Nick Cohen

Even though Jeremy Corbyn and the men and women who support him are often shabby and occasionally reactionary figures, the rarest criticism you hear of them is criticism from the left. Political commentary in Britain runs like water through pipes. Conventional opinion holds that if you are left wing, you support the Labour leadership, and if you are not, you don’t. Even though there is an essential left case to be made against the degeneration of Labour into conspiracy theory and personality cults, authors who make it are ignored because they do not fit into the familiar pattern. More than any formal censorship, this control of thinking is the most effective way of shutting out new arguments. Matt Bolton and Frederick Harry Pitts’ Corbynism: A critical approach is a rare left-wing critique by authors who are virtual Marxists. Inevitably, it has been all but ignored, which is a fault that needs remedying as this rich and urgent work deserves better than that.

I and many others have argued for years that ‘the left’, or to be fair the voices that dominate the far left in politics and culture, became a regressive force after the Cold War. Its leaders allied with and excused regimes that were the enemies of socialism, feminism and liberalism: Iran, Saddam’s Iraq, Milosevic’s Serbia, Putin’s Russia, and Hamas and other clerical fascist versions of Islam. Why its supporters did not care, or even notice, is a question with many answers. Bolton and Pitts’ are worth reading because theirs is an explanation not just of the Corbyn Labour party but of the post-crash West.

Since 2008, the most strikingly successful political movements have evaded the world as it is by blaming voters’ troubles on a simple enemy. David Cameron, George Osborne and Nick Clegg said that the disaster was the result of overspending rather than the collapse of the financial system. As surely as Viktor Orban or Donald Trump, they told a story about an honest, hardworking people, who had been betrayed by a liberal elite (in our case the Labour government) which had lavished their money on scroungers who lay in bed while the plain folk were shaken awake by the alarm that called them to work.

The left wing variant of the undeserving poor, whose greed threatened the honest and cozened people, was the one per cent – the bankers and speculators – who had so rigged the world that it operated as a conspiracy against everyone else. The Brexiters shifted the pieces around the board. Their evil geniuses were no longer members of the Labour government or the organisers of neo-liberalism but the Eurocrats. The undeserving minority, on whose behalf they were rigging the system, was no longer scroungers or the one per cent but migrants who were undercutting wages and taking money from the NHS.

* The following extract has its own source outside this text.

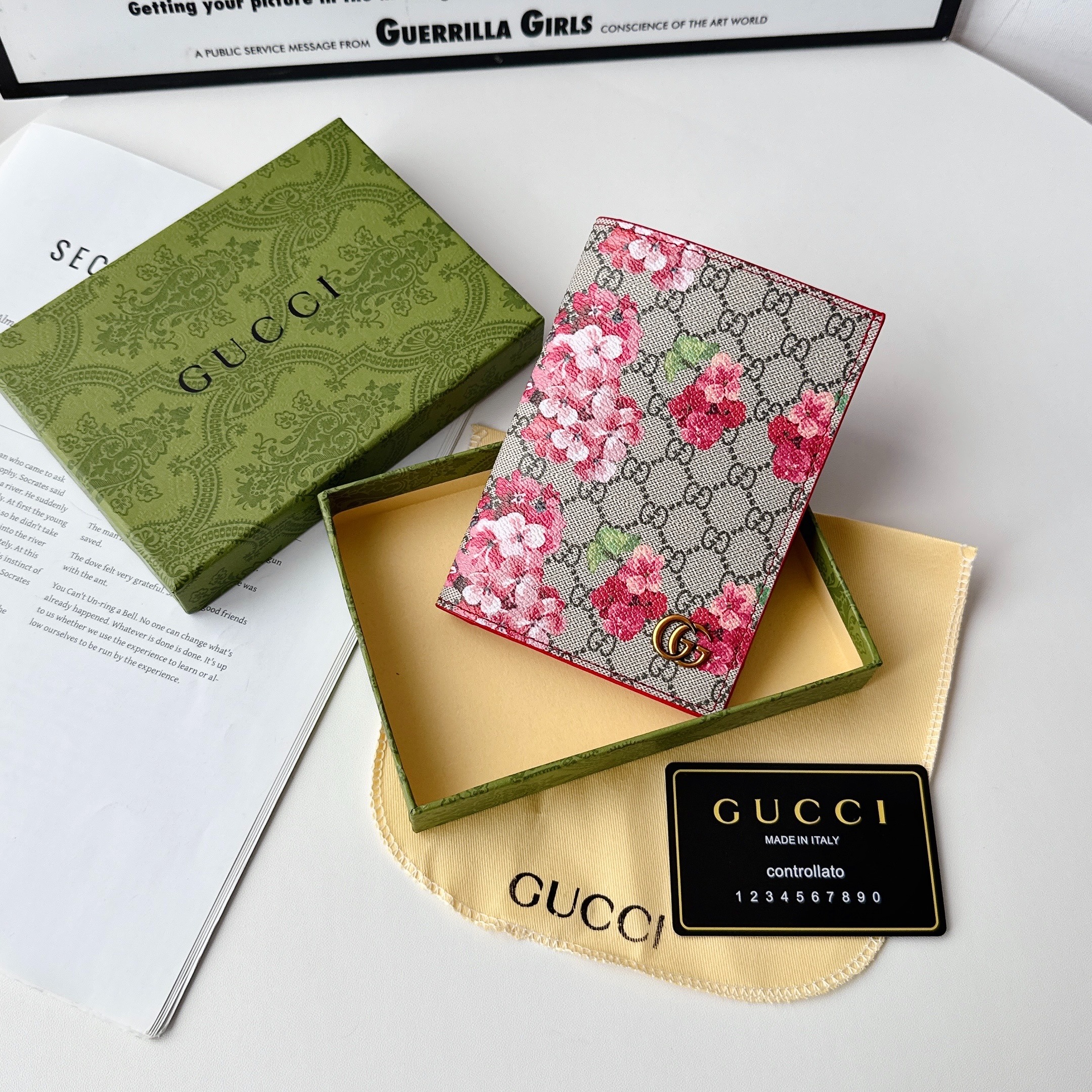 Gucci Luxury Leather Wallet Card Holder/Passport holder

All these reactions to the crash involve a flight from complexity. Just as supporters of Brexit cannot acknowledge that Britain is a part of an interdependent European economy, and that tearing up the compromises our position in the world entails will create enduring damage, so Corbynism has freed the left from thinking about the compromises living in a part-capitalist economy have always imposed on it. Until now, no centre-left government has been able to escape the constraints, and few have wanted to. They have had to acknowledge that there is no conceivable way to find the taxes to fund a decent society without allowing profit and attending to the needs of the business. The two are dependent on each other and conflict with each other. Neither side can walk away. The right must accept in turn that a productive economy rests on a well-educated and healthy workforce, which the wealthy must help pay for, as well as on trading relationships with neighbours, which limit sovereignty.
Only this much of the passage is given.